Material for this exercise.
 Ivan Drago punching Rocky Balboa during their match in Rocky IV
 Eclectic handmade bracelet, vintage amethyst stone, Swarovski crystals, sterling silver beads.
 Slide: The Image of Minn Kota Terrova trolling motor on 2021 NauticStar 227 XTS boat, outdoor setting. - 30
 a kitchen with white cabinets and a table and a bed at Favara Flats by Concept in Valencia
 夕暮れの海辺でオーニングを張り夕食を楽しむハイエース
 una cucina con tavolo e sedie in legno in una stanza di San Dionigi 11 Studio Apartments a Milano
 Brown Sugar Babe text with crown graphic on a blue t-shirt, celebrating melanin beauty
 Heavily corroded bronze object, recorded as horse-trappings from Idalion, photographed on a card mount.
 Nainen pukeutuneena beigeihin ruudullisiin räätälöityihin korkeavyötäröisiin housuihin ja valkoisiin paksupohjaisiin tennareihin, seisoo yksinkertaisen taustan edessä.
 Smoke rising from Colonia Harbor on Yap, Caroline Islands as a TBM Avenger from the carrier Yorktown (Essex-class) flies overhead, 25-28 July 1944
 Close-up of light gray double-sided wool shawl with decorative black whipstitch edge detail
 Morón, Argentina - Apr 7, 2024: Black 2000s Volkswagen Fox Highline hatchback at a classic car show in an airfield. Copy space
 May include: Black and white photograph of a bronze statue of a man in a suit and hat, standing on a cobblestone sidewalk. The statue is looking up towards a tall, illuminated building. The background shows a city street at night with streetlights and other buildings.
---
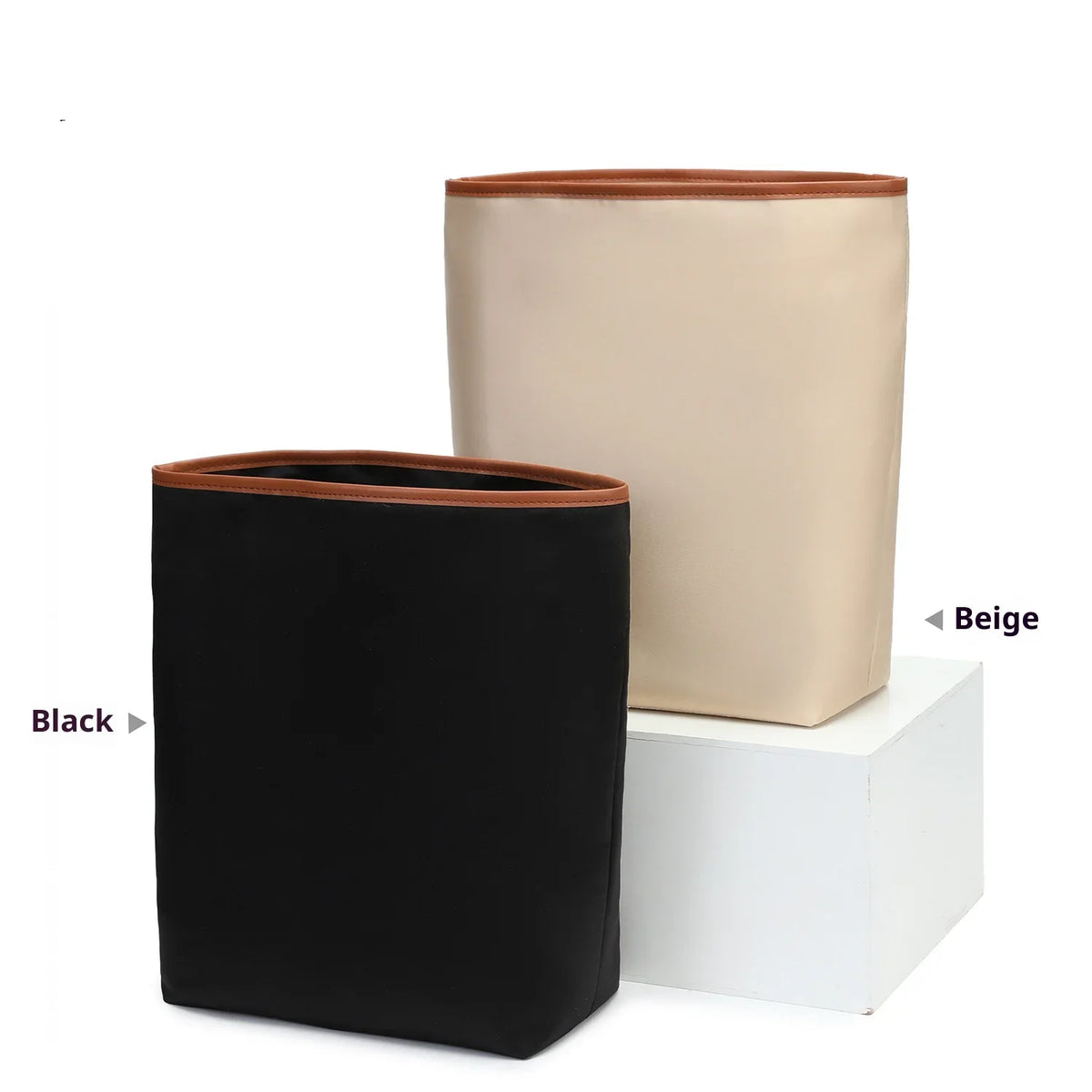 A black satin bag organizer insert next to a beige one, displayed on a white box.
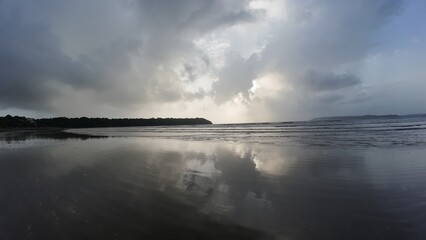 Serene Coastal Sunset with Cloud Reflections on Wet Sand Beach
* * *
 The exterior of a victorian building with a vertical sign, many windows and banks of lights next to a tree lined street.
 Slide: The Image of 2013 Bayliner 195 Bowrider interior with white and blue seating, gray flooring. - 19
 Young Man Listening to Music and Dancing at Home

Work instruction. Spot every line in the entries that includes the word "bronze", and copy each one out.

Answer area.
 Heavily corroded bronze object, recorded as horse-trappings from Idalion, photographed on a card mount.
 May include: Black and white photograph of a bronze statue of a man in a suit and hat, standing on a cobblestone sidewalk. The statue is looking up towards a tall, illuminated building. The background shows a city street at night with streetlights and other buildings.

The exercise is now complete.